可是,侍卫回不去的。君王爱重他,怎会放他回去?

“公子,醒醒。”
那声音干涩沧桑,像一把重锤把他敲醒。他睁开惺忪眼眸,看着那人苍老容颜。
原来真的不是他啊。
“公子请回吧,我们要打烊了。”那声音又这样说。
他扶着门,踉跄地出了酒馆。有皓皓月光落在那单薄身影上,在青石板路上落下长长的影子。
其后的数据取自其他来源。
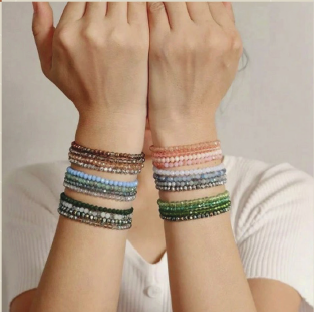 Mila-Mix Bracelet Starter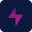 litebyte.co FavIcon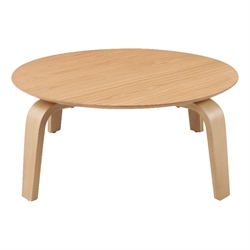 Coffee Tables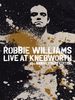 Robbie Williams - Live at Knebworth: 10th Anniversary Edition [2 DVDs]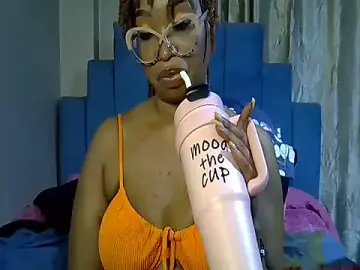 Nia_onyx  live sex cam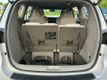 2019 Kia Sedona L FWD - 23026284 - 37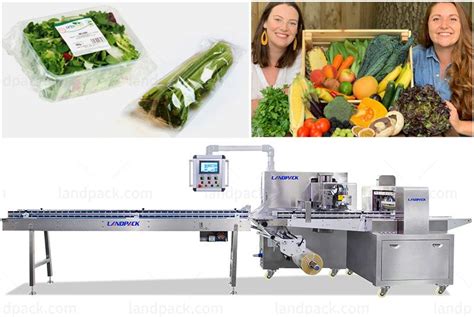 packaging machines for fresh fruits and vegetables|Fresh Fruit & Vegetables .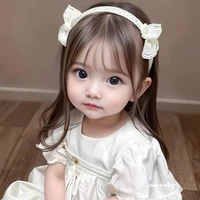 ซิน//ลูกซัม+เซน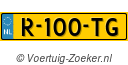 R100TG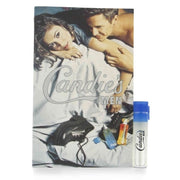 Candie's Men - Parfums Raffy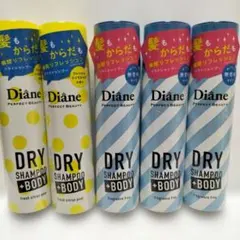 Item thumbnail for item 74c1d4bc-b505-4823-9946-d4dbfc82367c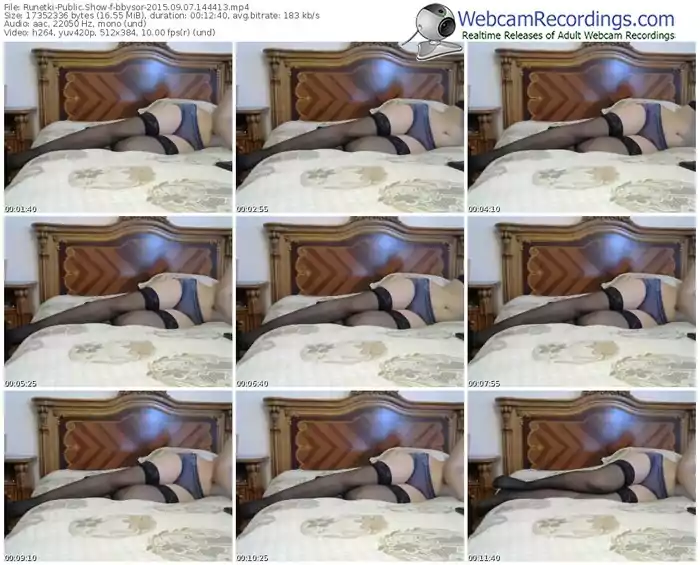 runetki-bbysor-public-show-09_07_2015-14_44_13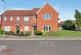Hyton Drive, DEAL photo 2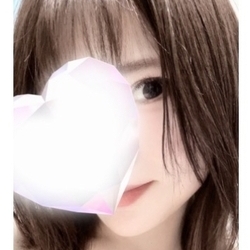 スタイルだけでは語れない！癒しのスペシ...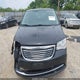 2C4RC1BG2FR664930 2015 Chrysler Town & Country Touring auction photo thumbnail 13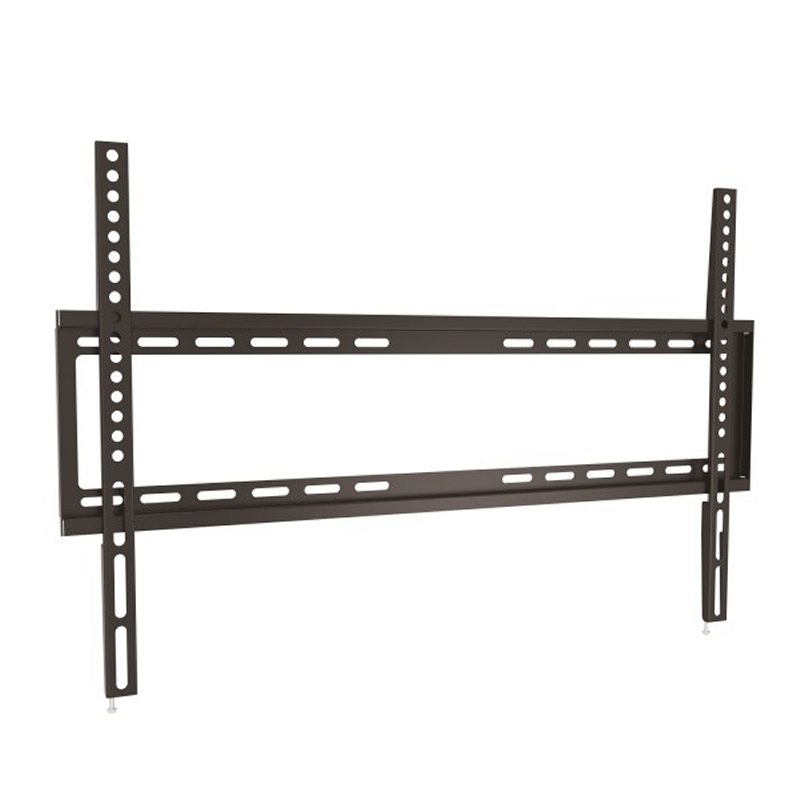 ewent Easy Fix EW1503 Support Mural pour TV 37 70 VESA 600x400 Max 35Kg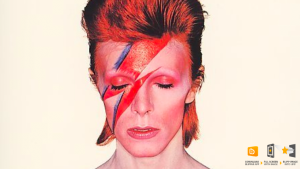 bowie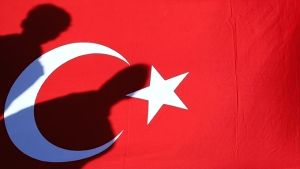 Το DEM καλεί το τουρκικό κοινοβούλιο να προχωρήσει σε νόμο αφοπλισμού του PKK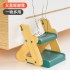 Children's toilet seat ladder, baby toilet seat, baby ladder, male and female children's folding toilet seat Children's toilet seat ladder, baby toilet seat, baby ladder, male and female children's folding toilet seat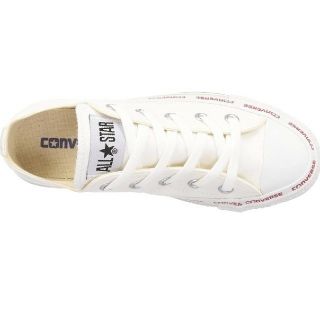 コンバース(CONVERSE)のコンバース ロゴフォクシング CONVERSE(スニーカー)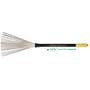 Regal Tip Clayton Cameron Signature Brushes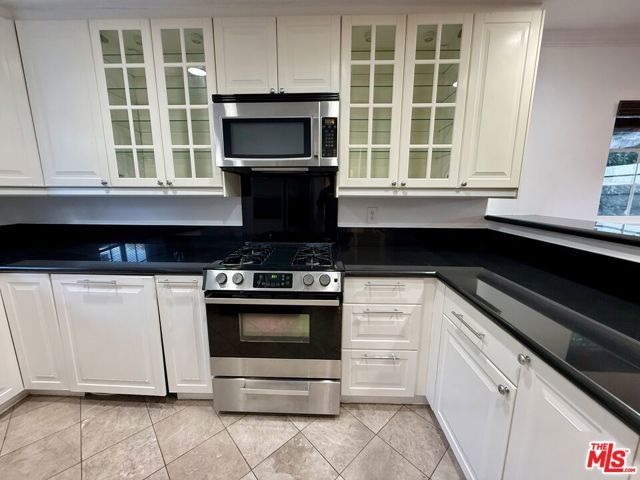 1200 Laveta Terrace, Los Angeles, CA 90026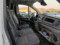 preview Ford Transit Custom #5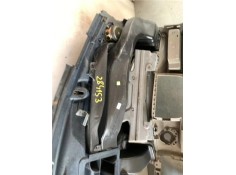 Recambio de kit airbag para jeep grand cherokee (wh) 3.0 crd overland referencia OEM IAM 04606938AD P1CE761J3AA 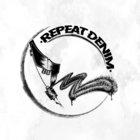 repeatdenim thumbnail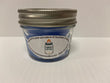 4oz Candle- Blueberry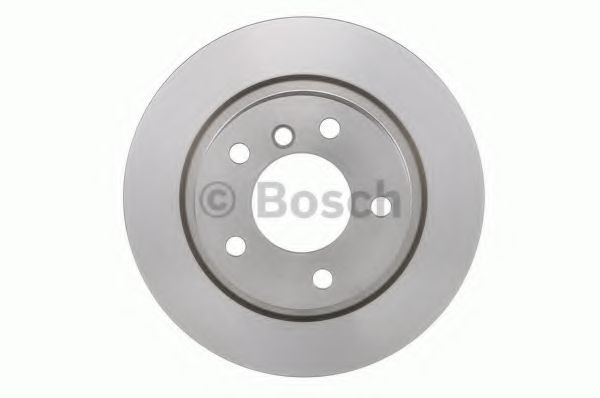 Disc frana 3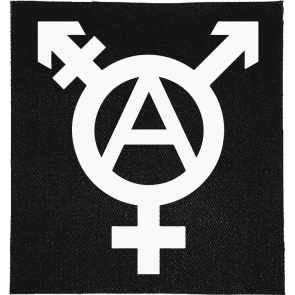 Trans Anarchy Patch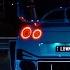 GTR R35 Ariis FUNK DO BOUNCE SLOWED Gtr Jdm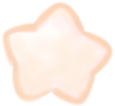 peachstar Discord emoji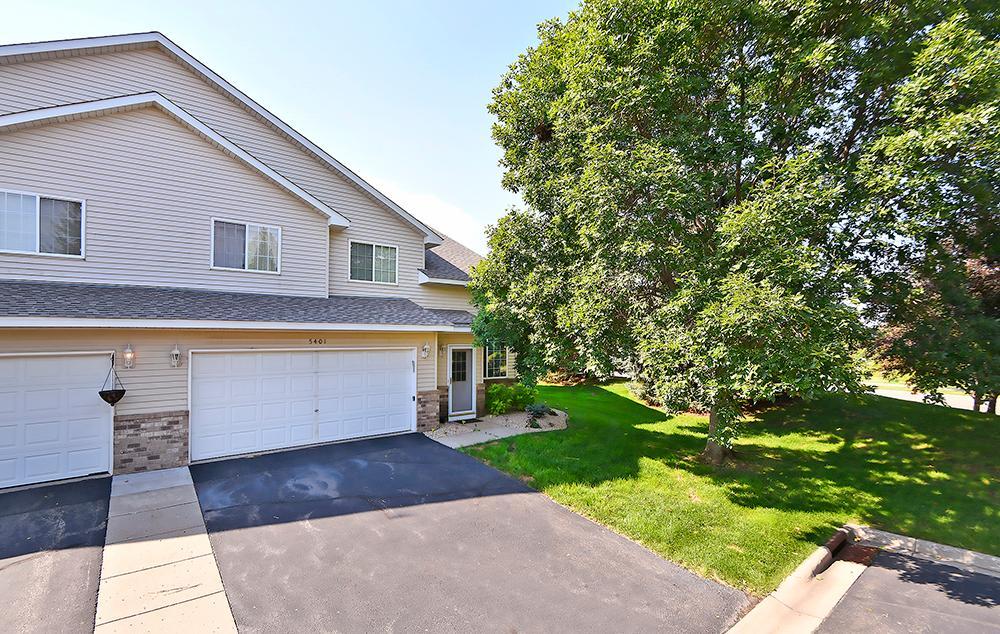 View of Residential at 5401 Fawn Court, Prior Lake MN 55372, Prior Lake - Mike Wilen | Minnesota Team Real Estate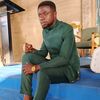 apostlenanakwarteng5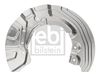 FEBI BILSTEIN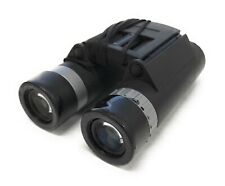 Minox 8x24 waterproof for sale  Manassas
他终是回到了故乡,可是却再也找不回记忆中的故乡。后来他四下打听才知道,战火烧到了这里,故乡的人四散逃离,不知往何处去了,再也没有回来。
“蜀黎。”他念着这两个字,侍卫的名字。
他想,他们一生都在盼望的故乡不在了,不过好在侍卫不知道。他们中间可以有一个人一直心存希冀地活下去,也是好的。
他不再四处漂泊,在这里定居下来,置一间茅草屋,靠在茶楼里弹琴曲赚一点糊口钱,日子清贫,倒也过得悠闲自在。
只是每个月色清冷的夜晚,午夜梦回时,他从床头坐起来,月光从开着的轩窗照进来,再没有人翻窗进来,玄色衣衫翻飞像冰冷的盔甲,人却是笑得温暖,说,原来你醒着啊。